Every line from the one with "Image of close" through the last line below should be repeated exactly; pictures stay out of the copy.

==== ENTRIES SHOWN

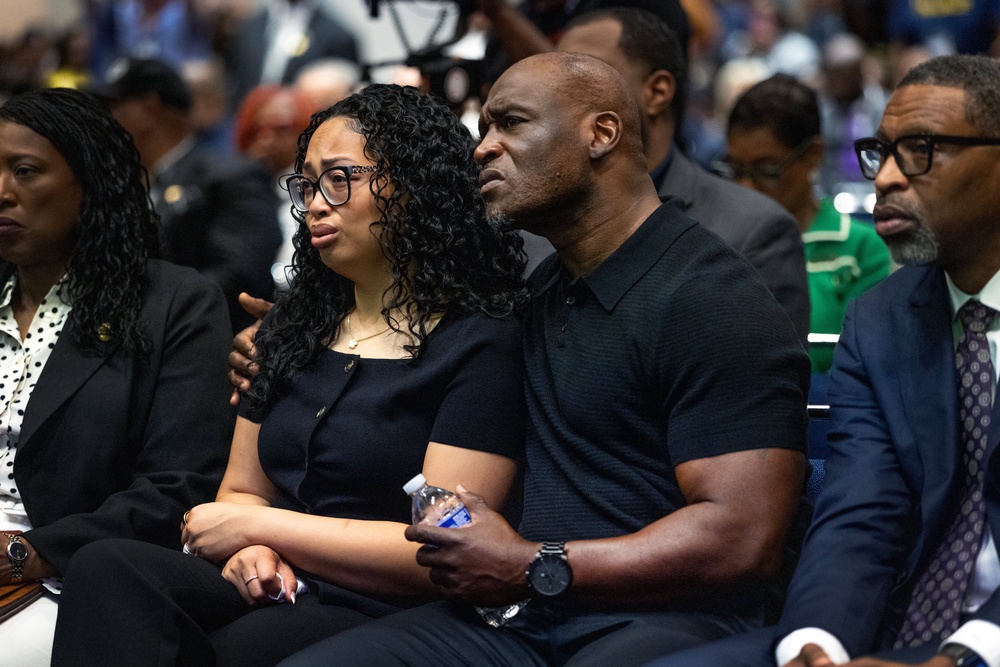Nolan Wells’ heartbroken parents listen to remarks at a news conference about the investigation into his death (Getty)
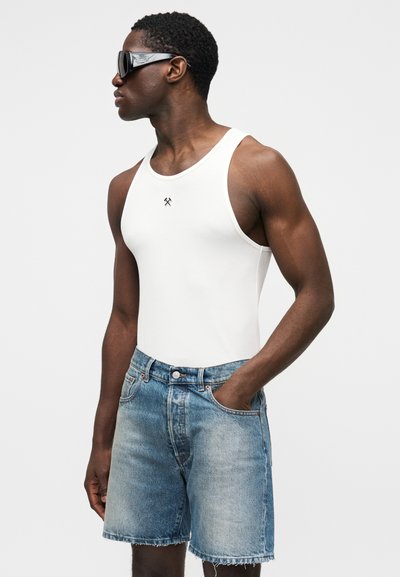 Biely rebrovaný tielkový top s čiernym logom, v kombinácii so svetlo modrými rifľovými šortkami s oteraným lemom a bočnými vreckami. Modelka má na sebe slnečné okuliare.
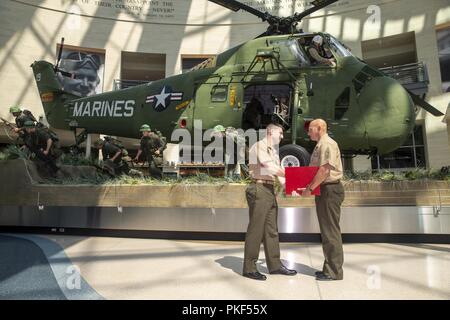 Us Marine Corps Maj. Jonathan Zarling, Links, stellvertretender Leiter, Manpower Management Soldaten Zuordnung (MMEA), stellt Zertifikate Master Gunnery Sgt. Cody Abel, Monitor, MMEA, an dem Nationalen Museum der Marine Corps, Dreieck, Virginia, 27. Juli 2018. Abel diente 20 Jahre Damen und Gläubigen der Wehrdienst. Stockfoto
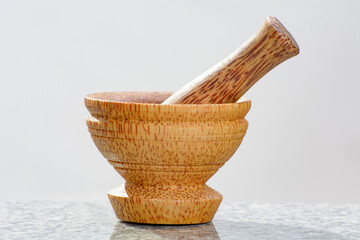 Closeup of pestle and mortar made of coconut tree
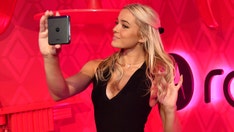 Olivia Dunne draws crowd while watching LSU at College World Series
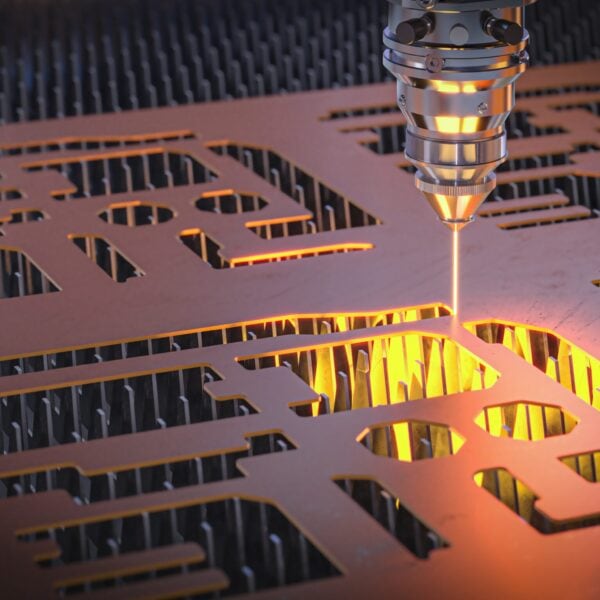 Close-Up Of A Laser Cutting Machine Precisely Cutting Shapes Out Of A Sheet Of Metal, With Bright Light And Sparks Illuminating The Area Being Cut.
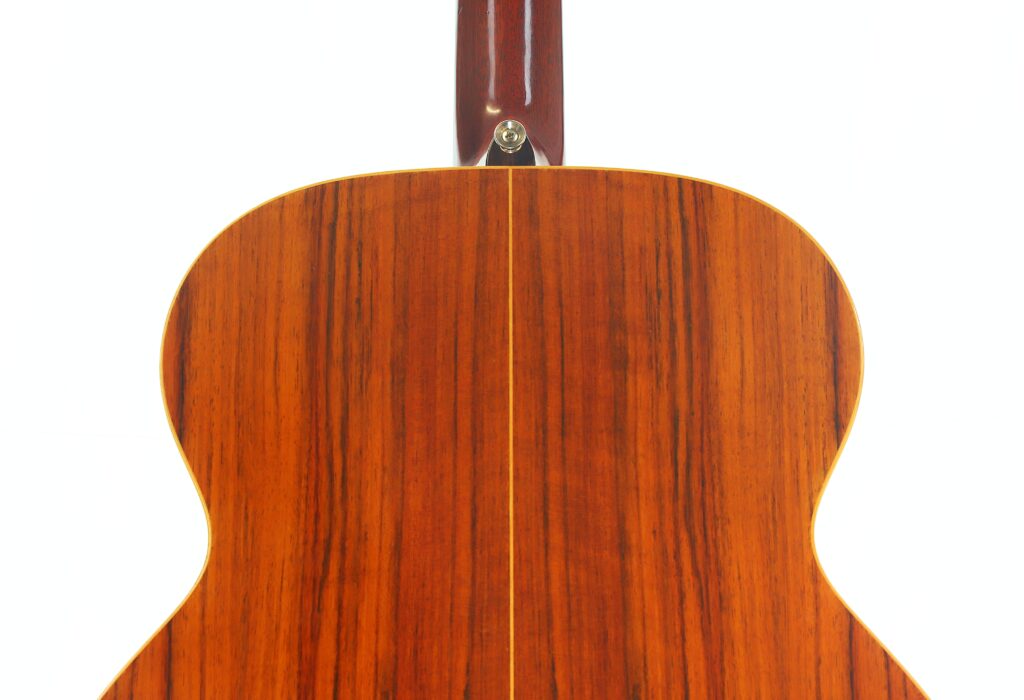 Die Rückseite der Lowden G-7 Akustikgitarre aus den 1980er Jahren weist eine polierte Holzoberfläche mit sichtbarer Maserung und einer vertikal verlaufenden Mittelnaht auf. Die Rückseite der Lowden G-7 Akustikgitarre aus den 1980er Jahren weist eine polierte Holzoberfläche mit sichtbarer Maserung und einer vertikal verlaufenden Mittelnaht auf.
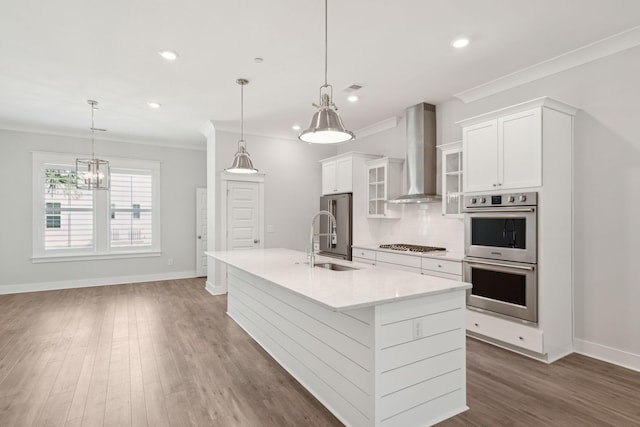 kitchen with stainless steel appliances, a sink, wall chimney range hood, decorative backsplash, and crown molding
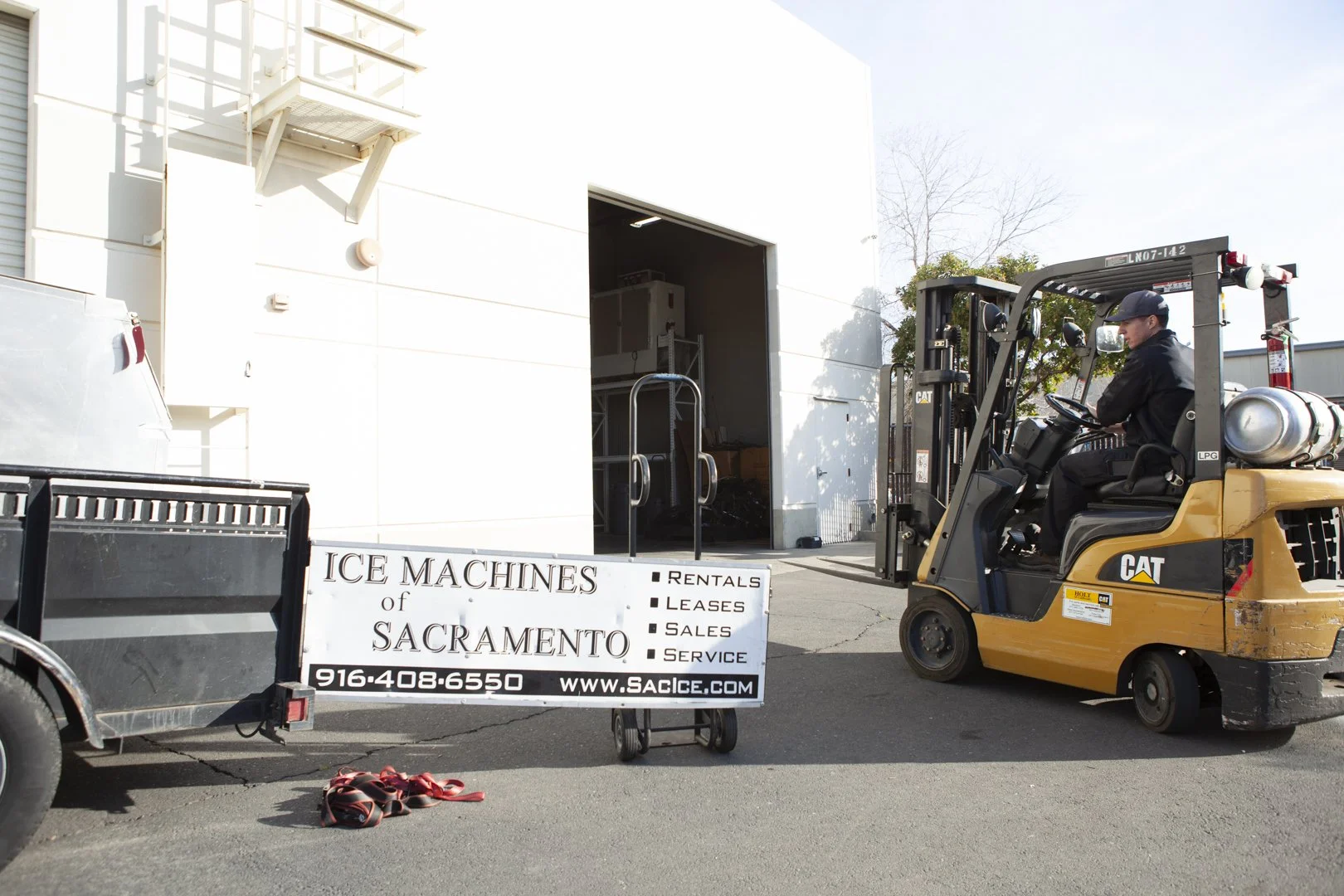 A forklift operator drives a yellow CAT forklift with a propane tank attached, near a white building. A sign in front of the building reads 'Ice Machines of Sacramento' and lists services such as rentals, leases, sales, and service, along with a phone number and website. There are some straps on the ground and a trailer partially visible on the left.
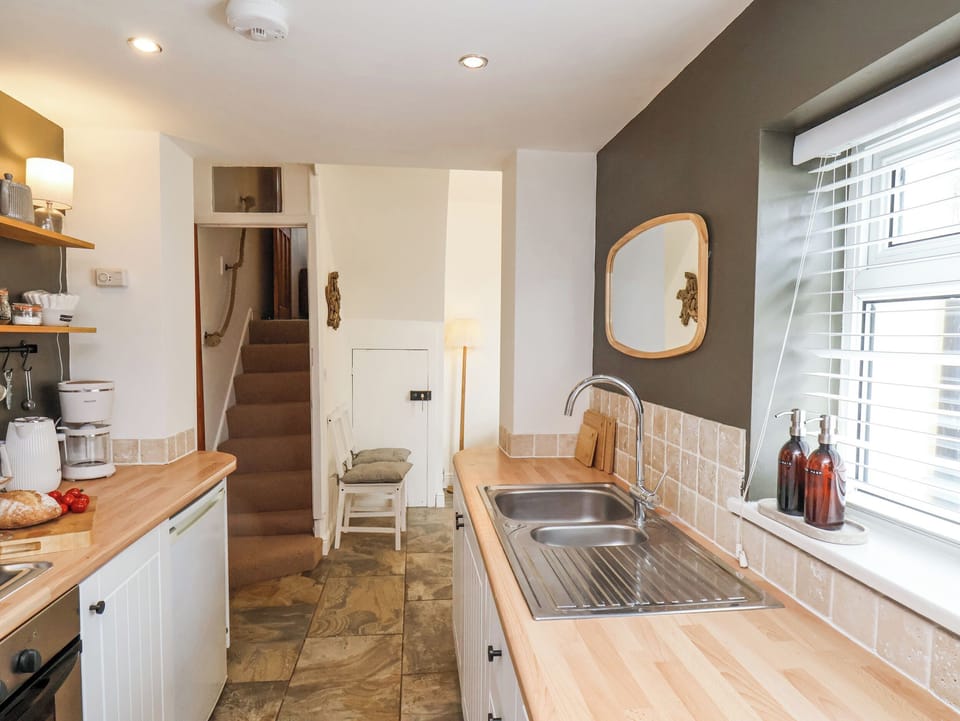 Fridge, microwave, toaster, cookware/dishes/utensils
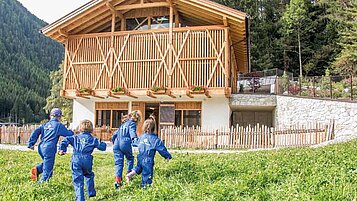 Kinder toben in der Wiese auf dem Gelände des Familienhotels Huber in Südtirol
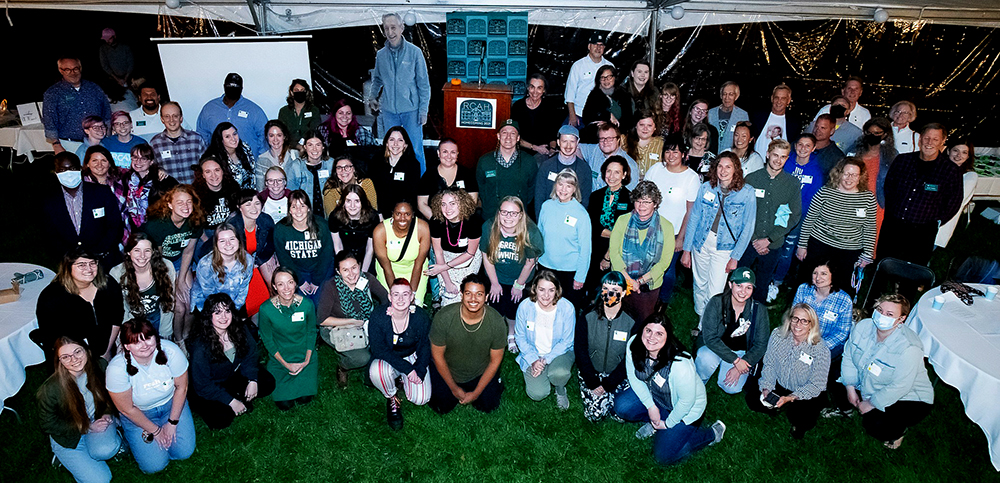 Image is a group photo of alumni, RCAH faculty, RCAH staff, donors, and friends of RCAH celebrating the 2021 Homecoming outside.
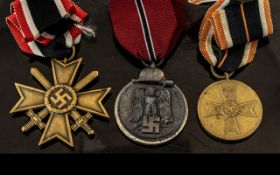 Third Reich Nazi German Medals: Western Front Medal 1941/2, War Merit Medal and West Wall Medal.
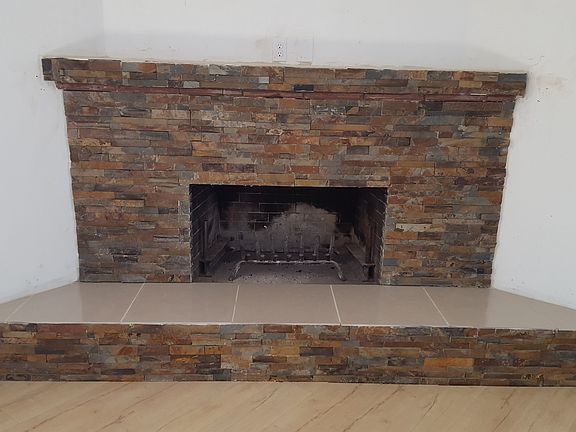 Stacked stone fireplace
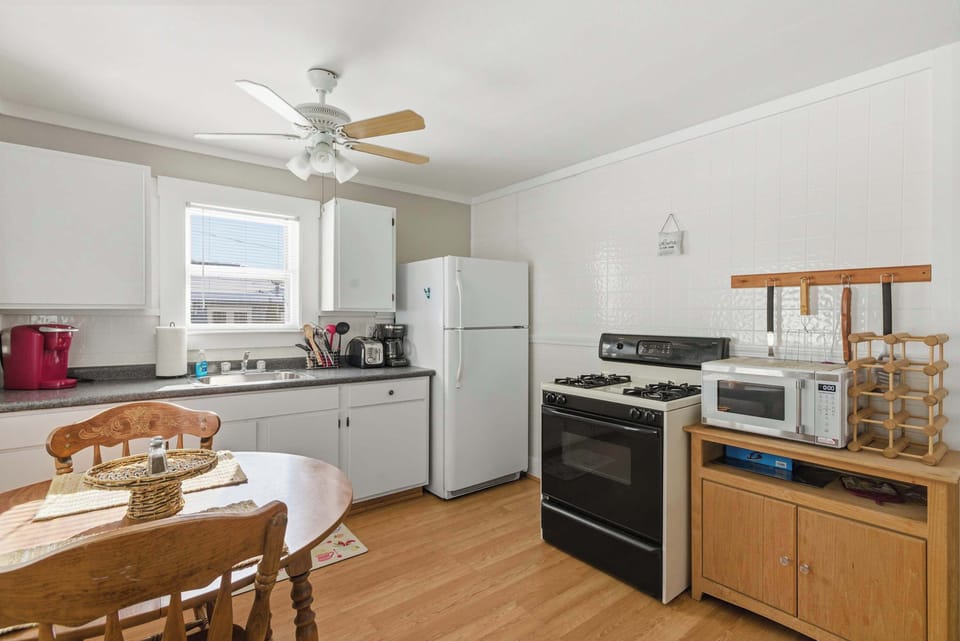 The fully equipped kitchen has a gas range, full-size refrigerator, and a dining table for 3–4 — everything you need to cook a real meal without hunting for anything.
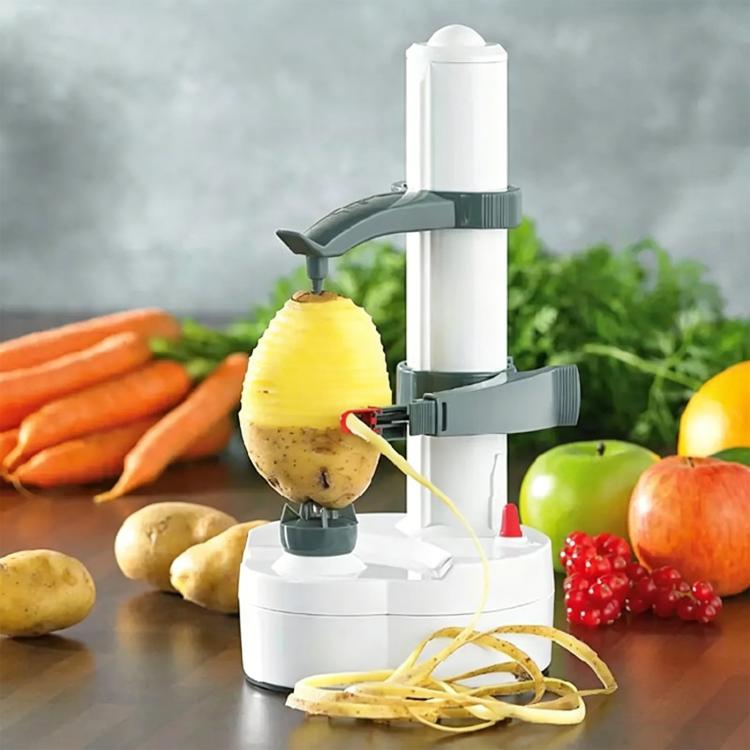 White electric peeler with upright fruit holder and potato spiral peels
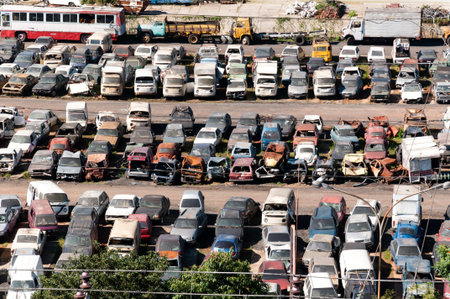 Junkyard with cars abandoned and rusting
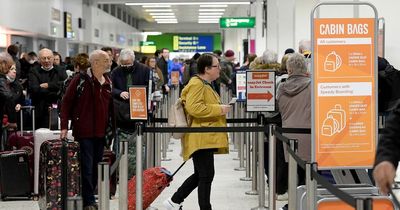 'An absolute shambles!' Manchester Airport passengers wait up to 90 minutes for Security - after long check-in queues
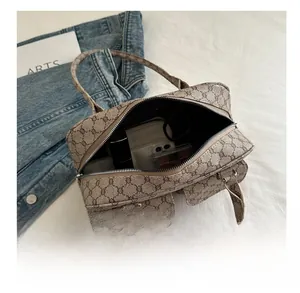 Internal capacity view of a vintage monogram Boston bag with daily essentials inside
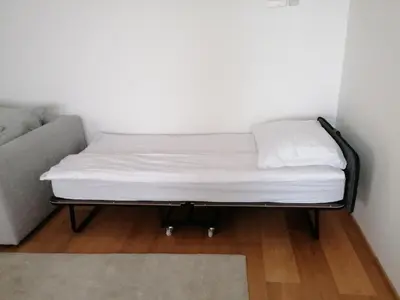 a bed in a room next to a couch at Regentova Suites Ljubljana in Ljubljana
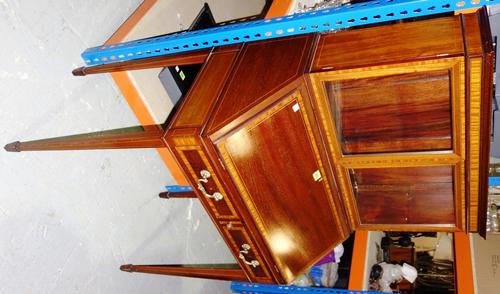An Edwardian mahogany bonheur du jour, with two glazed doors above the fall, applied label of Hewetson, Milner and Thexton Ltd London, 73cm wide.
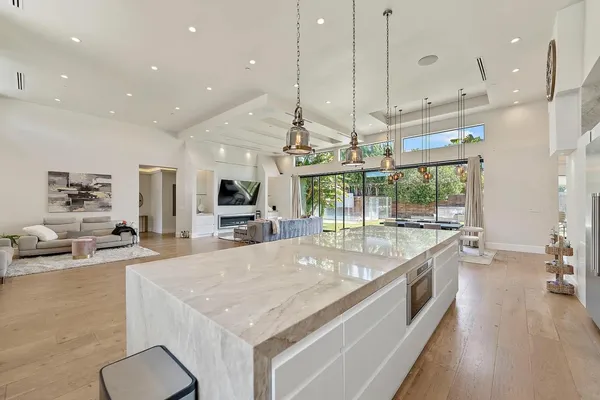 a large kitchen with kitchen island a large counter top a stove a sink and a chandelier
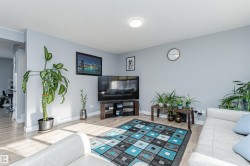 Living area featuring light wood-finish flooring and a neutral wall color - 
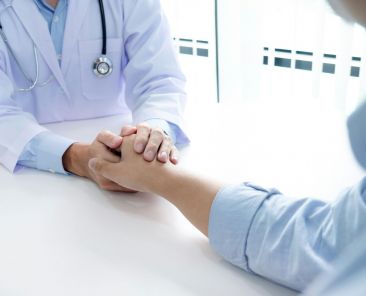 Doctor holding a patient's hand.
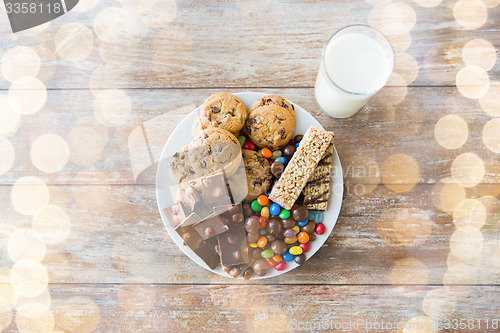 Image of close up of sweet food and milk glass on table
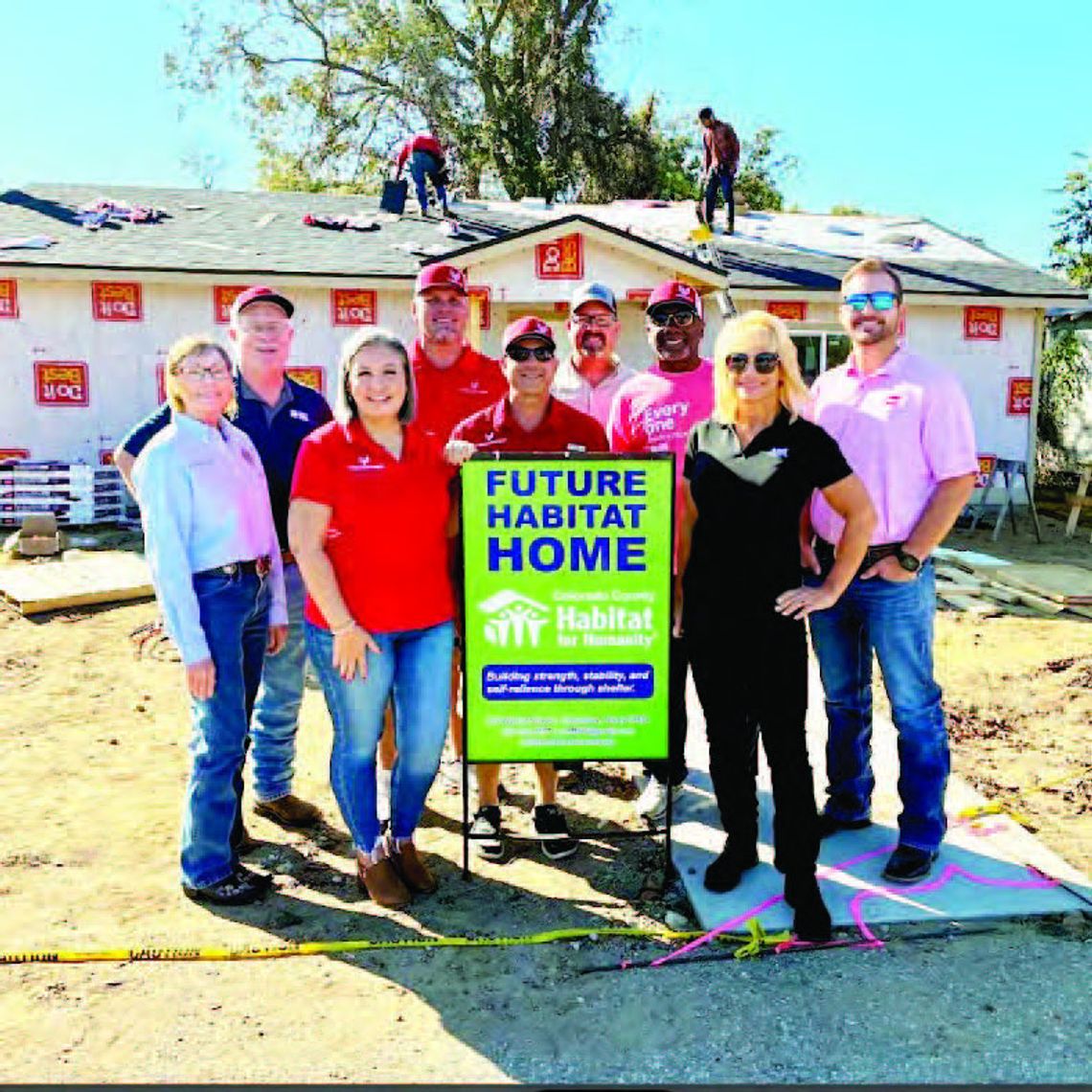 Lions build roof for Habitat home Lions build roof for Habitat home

========

RESPONSE TO THE EXERCISE:
 Image of close up of sweet food and milk glass on table
 Lions build roof for Habitat home Lions build roof for Habitat home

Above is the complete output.